## Records provided
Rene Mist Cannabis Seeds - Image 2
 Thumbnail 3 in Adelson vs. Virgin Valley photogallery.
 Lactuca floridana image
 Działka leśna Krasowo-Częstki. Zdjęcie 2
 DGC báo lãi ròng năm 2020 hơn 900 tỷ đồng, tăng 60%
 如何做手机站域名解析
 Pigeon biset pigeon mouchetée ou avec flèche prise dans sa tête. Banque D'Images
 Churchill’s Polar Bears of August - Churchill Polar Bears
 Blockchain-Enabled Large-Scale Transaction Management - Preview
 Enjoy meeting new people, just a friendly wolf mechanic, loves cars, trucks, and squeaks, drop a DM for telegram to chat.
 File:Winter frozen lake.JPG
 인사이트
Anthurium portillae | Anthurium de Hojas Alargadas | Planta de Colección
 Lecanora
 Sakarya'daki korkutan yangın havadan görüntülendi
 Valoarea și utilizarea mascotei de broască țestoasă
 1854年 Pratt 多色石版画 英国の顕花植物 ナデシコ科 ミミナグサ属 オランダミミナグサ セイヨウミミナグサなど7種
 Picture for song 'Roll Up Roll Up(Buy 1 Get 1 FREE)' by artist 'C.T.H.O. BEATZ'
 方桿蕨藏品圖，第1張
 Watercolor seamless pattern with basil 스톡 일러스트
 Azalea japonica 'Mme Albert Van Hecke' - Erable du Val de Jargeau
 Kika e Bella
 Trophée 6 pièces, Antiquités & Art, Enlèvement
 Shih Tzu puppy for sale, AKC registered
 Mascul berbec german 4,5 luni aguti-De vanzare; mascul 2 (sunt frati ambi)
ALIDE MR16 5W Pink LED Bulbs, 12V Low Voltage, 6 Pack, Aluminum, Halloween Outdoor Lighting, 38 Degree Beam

## Goal of the exercise
Output the line containing "Azalea japonica 'Mme" and every line after it through the final line of the records above, exactly as written and nothing else.

## Response to the task
 Azalea japonica 'Mme Albert Van Hecke' - Erable du Val de Jargeau
 Kika e Bella
 Trophée 6 pièces, Antiquités & Art, Enlèvement
 Shih Tzu puppy for sale, AKC registered
 Mascul berbec german 4,5 luni aguti-De vanzare; mascul 2 (sunt frati ambi)
ALIDE MR16 5W Pink LED Bulbs, 12V Low Voltage, 6 Pack, Aluminum, Halloween Outdoor Lighting, 38 Degree Beam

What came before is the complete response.